There is no reason why we may not be eclectic in regard to these two points of view. It may be that many paths are interrupted in sleep, while others are opened. In the hypnotic state it is clear that many paths are blocked, including those by which the will of the subject habitually asserts itself, while others, especially those making connections between the auditory and motor areas, transmit impulses with extraordinary efficiency. This condition is explicable if we suppose that certain synapses are broken, as Duval imagines, and that the tide of nervous impulses pours with intensified energy through the narrowed outlets remaining—an idea borrowed from Lugaro. If we consider that a man is most thoroughly awake when his attention is most rigidly concentrated, when he is a 'man of one idea' we shall perhaps incline toward Lugaro 's conception of sleep, which is certainly as far as possible removed from this mental fixedness. Hypnosis is accompanied by cerebral congestion and natural sleep by anemia. There is accordingly a strong temptation to suppose that the cell-changes in the two states are opposite in their nature, that in hypnosis the retraction of the dendrites is characteristic and in natural sleep their extension. The sluggish condition of the mind under suggestion as compared with its fanciful flights in dreaming falls happily in line with this view. But such speculation is premature.
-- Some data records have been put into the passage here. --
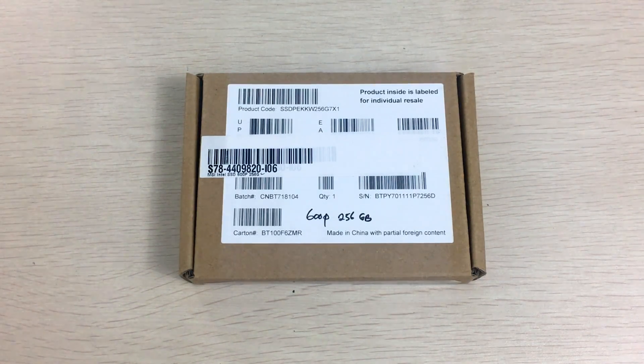Hey everyone, it's Owen here from OTEC, and today I will be unboxing this Intel 600p SSD, which is an NVMe SSD that fits in the M.2 form factor.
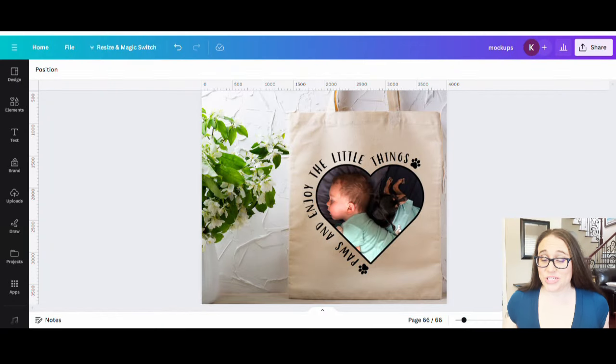In today's video I wanted to show you how to create this design right here. I'm showcasing it on a tote bag, but you can put this design on any product. You can do all sorts of custom photo design products that sell really well on Etsy — whether it's a custom tote bag, mug, shirt, or blanket. Specifically for this one, I wanted to show you how to get that writing that looks like it's going around the heart, and how to put the photo in the heart and edit and scale it out for multiple customers.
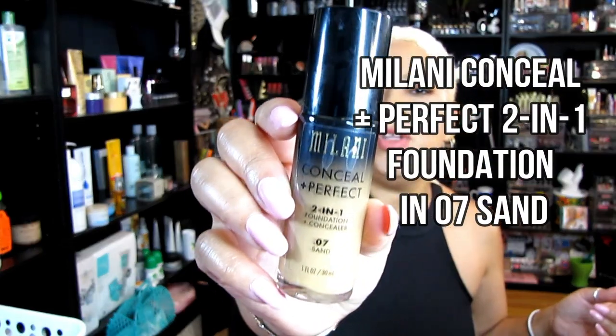This is my Milani Conceal and Perfect Two-in-One Foundation. I did love this one, but I did a number on it — I mixed other stuff into it. What I actually liked was the pump on this bottle, since a lot of pumps are terrible and foundation comes out all around them. The bottle was glass too, which I liked. But I used it to mix other stuff and now it's time for it to go. The shade was 07 Sand.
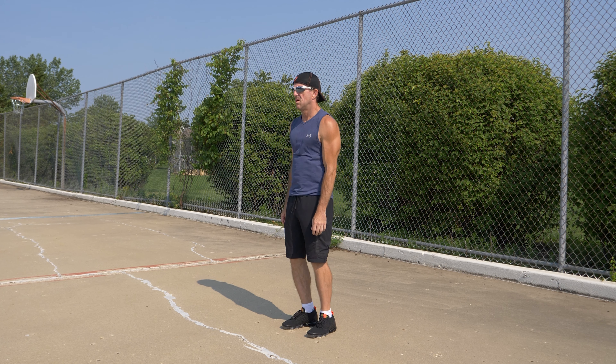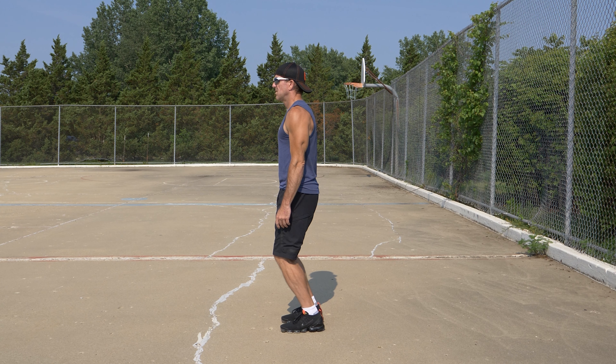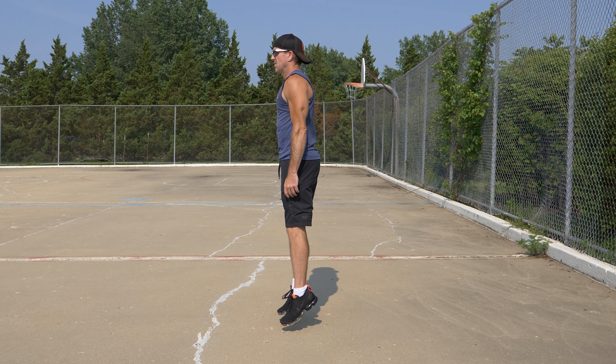Calf jumps are a great leg exercise. Start by standing straight with little to no bend at the knees. From this position, bend slightly at the knees and push off the front of your feet, jumping slightly off the ground.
It was said at the outset that the several theories of sleep are not all mutually exclusive. It is possible to go beyond this statement, for we may assign a place to each of those mentioned without inconsistency. We may suppose in the first place that the alternation of day and night through the ages has impressed its rhythm upon the race, so that it is hard for the individual to break from the habitual course in which activity is associated with light and rest with darkness. In other words, the amount of the metabolism tends to keep above a mean for some hours and then to fall below it. The excess of destructive processes over those which are recuperative during the waking hours results in general and local fatigue, a condition into which may enter both the depletion of intra-molecular oxygen and the accumulation of toxic waste-products. While this progressive loss of condition affects the body as a whole, the nervous system is subject to its own peculiar drains. It is very probably the hard-worked vasomotor center which proves to be the vulnerable spot. With its release of the blood-vessels in certain areas from its reenforeing influence comes the cerebral anemia. Then, we may suppose, the nerve-cells become less active than in the brain which has its full supply of blood, that they cease to send impulses over the usual routes, either because gaps have opened or because such impulses as do arise are permitted to stray and be scattered, producing no effect in consciousness or one which is quite bizarre and meaningless.

Such an outline as this is a composite scheme in which the conditions emphasized by Pflüger and Preyer are given recognition as fundamental causes of sleep, Howell's idea is accepted as explaining well its onset, its varying depth and the awakening, while the pictures sketched by Duval and Lugaro arc combined to represent the intimate state of the slumbering brain.